AVAILABLE RECORDS

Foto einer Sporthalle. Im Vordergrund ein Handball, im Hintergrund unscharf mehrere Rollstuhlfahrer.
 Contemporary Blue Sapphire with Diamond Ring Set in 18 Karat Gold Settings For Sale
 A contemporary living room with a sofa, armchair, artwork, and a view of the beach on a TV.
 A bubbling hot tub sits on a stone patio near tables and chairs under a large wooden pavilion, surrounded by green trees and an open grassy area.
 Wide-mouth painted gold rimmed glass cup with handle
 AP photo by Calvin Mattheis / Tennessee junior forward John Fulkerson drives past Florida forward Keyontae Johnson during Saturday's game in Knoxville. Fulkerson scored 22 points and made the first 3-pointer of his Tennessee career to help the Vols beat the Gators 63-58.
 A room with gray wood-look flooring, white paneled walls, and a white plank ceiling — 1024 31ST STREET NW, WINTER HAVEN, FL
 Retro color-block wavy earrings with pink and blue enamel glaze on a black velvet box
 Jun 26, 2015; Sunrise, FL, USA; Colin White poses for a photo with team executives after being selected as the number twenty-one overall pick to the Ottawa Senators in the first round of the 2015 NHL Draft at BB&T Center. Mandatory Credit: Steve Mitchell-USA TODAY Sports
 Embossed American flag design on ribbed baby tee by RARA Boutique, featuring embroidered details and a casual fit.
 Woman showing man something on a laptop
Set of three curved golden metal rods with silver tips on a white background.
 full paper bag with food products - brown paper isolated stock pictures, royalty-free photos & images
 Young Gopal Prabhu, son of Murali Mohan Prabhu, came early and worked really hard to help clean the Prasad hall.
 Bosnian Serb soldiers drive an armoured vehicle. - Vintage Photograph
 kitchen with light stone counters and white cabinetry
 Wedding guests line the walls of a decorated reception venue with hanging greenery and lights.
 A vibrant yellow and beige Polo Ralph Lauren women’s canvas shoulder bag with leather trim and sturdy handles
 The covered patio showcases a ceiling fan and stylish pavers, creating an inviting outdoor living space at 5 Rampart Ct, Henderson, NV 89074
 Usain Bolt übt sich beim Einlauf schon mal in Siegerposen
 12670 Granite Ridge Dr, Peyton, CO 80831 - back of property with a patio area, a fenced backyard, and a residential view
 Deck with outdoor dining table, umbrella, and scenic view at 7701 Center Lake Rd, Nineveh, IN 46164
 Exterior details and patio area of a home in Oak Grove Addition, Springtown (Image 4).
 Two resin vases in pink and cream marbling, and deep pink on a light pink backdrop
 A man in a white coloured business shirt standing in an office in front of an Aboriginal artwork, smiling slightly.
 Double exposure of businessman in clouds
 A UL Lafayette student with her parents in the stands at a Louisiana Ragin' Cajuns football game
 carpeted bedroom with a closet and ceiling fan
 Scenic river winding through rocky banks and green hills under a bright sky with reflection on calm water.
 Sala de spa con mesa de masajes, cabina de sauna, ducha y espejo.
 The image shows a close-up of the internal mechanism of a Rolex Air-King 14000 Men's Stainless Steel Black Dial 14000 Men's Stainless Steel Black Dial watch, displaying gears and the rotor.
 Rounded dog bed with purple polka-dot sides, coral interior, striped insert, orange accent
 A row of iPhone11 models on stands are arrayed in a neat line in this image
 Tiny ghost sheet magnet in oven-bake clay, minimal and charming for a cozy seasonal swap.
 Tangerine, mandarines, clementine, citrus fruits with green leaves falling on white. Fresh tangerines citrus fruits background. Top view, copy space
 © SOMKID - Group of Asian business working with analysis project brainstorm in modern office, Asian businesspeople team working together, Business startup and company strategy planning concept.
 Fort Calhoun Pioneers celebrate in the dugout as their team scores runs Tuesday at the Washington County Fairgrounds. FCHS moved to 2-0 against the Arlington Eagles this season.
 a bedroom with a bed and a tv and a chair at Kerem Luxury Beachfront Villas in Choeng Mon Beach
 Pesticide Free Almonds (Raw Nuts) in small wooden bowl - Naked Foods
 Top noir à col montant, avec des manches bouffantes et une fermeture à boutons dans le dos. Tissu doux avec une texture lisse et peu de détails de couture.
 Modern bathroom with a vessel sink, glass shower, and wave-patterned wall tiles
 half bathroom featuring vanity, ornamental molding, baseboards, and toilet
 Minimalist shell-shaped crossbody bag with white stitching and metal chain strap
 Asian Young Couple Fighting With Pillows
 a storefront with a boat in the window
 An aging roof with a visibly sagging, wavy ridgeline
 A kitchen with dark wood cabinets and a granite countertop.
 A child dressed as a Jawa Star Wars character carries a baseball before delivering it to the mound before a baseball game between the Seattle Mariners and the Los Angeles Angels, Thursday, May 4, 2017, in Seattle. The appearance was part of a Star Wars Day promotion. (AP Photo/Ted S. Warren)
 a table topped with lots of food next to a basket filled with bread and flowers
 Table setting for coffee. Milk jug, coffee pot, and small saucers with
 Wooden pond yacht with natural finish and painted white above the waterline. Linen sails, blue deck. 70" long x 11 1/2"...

GOAL OF THE EXERCISE
Reproduce every record, making sure each one stays exactly the same.

EXERCISE ANSWER
Foto einer Sporthalle. Im Vordergrund ein Handball, im Hintergrund unscharf mehrere Rollstuhlfahrer.
 Contemporary Blue Sapphire with Diamond Ring Set in 18 Karat Gold Settings For Sale
 A contemporary living room with a sofa, armchair, artwork, and a view of the beach on a TV.
 A bubbling hot tub sits on a stone patio near tables and chairs under a large wooden pavilion, surrounded by green trees and an open grassy area.
 Wide-mouth painted gold rimmed glass cup with handle
 AP photo by Calvin Mattheis / Tennessee junior forward John Fulkerson drives past Florida forward Keyontae Johnson during Saturday's game in Knoxville. Fulkerson scored 22 points and made the first 3-pointer of his Tennessee career to help the Vols beat the Gators 63-58.
 A room with gray wood-look flooring, white paneled walls, and a white plank ceiling — 1024 31ST STREET NW, WINTER HAVEN, FL
 Retro color-block wavy earrings with pink and blue enamel glaze on a black velvet box
 Jun 26, 2015; Sunrise, FL, USA; Colin White poses for a photo with team executives after being selected as the number twenty-one overall pick to the Ottawa Senators in the first round of the 2015 NHL Draft at BB&T Center. Mandatory Credit: Steve Mitchell-USA TODAY Sports
 Embossed American flag design on ribbed baby tee by RARA Boutique, featuring embroidered details and a casual fit.
 Woman showing man something on a laptop
Set of three curved golden metal rods with silver tips on a white background.
 full paper bag with food products - brown paper isolated stock pictures, royalty-free photos & images
 Young Gopal Prabhu, son of Murali Mohan Prabhu, came early and worked really hard to help clean the Prasad hall.
 Bosnian Serb soldiers drive an armoured vehicle. - Vintage Photograph
 kitchen with light stone counters and white cabinetry
 Wedding guests line the walls of a decorated reception venue with hanging greenery and lights.
 A vibrant yellow and beige Polo Ralph Lauren women’s canvas shoulder bag with leather trim and sturdy handles
 The covered patio showcases a ceiling fan and stylish pavers, creating an inviting outdoor living space at 5 Rampart Ct, Henderson, NV 89074
 Usain Bolt übt sich beim Einlauf schon mal in Siegerposen
 12670 Granite Ridge Dr, Peyton, CO 80831 - back of property with a patio area, a fenced backyard, and a residential view
 Deck with outdoor dining table, umbrella, and scenic view at 7701 Center Lake Rd, Nineveh, IN 46164
 Exterior details and patio area of a home in Oak Grove Addition, Springtown (Image 4).
 Two resin vases in pink and cream marbling, and deep pink on a light pink backdrop
 A man in a white coloured business shirt standing in an office in front of an Aboriginal artwork, smiling slightly.
 Double exposure of businessman in clouds
 A UL Lafayette student with her parents in the stands at a Louisiana Ragin' Cajuns football game
 carpeted bedroom with a closet and ceiling fan
 Scenic river winding through rocky banks and green hills under a bright sky with reflection on calm water.
 Sala de spa con mesa de masajes, cabina de sauna, ducha y espejo.
 The image shows a close-up of the internal mechanism of a Rolex Air-King 14000 Men's Stainless Steel Black Dial 14000 Men's Stainless Steel Black Dial watch, displaying gears and the rotor.
 Rounded dog bed with purple polka-dot sides, coral interior, striped insert, orange accent
 A row of iPhone11 models on stands are arrayed in a neat line in this image
 Tiny ghost sheet magnet in oven-bake clay, minimal and charming for a cozy seasonal swap.
 Tangerine, mandarines, clementine, citrus fruits with green leaves falling on white. Fresh tangerines citrus fruits background. Top view, copy space
 © SOMKID - Group of Asian business working with analysis project brainstorm in modern office, Asian businesspeople team working together, Business startup and company strategy planning concept.
 Fort Calhoun Pioneers celebrate in the dugout as their team scores runs Tuesday at the Washington County Fairgrounds. FCHS moved to 2-0 against the Arlington Eagles this season.
 a bedroom with a bed and a tv and a chair at Kerem Luxury Beachfront Villas in Choeng Mon Beach
 Pesticide Free Almonds (Raw Nuts) in small wooden bowl - Naked Foods
 Top noir à col montant, avec des manches bouffantes et une fermeture à boutons dans le dos. Tissu doux avec une texture lisse et peu de détails de couture.
 Modern bathroom with a vessel sink, glass shower, and wave-patterned wall tiles
 half bathroom featuring vanity, ornamental molding, baseboards, and toilet
 Minimalist shell-shaped crossbody bag with white stitching and metal chain strap
 Asian Young Couple Fighting With Pillows
 a storefront with a boat in the window
 An aging roof with a visibly sagging, wavy ridgeline
 A kitchen with dark wood cabinets and a granite countertop.
 A child dressed as a Jawa Star Wars character carries a baseball before delivering it to the mound before a baseball game between the Seattle Mariners and the Los Angeles Angels, Thursday, May 4, 2017, in Seattle. The appearance was part of a Star Wars Day promotion. (AP Photo/Ted S. Warren)
 a table topped with lots of food next to a basket filled with bread and flowers
 Table setting for coffee. Milk jug, coffee pot, and small saucers with
 Wooden pond yacht with natural finish and painted white above the waterline. Linen sails, blue deck. 70" long x 11 1/2"...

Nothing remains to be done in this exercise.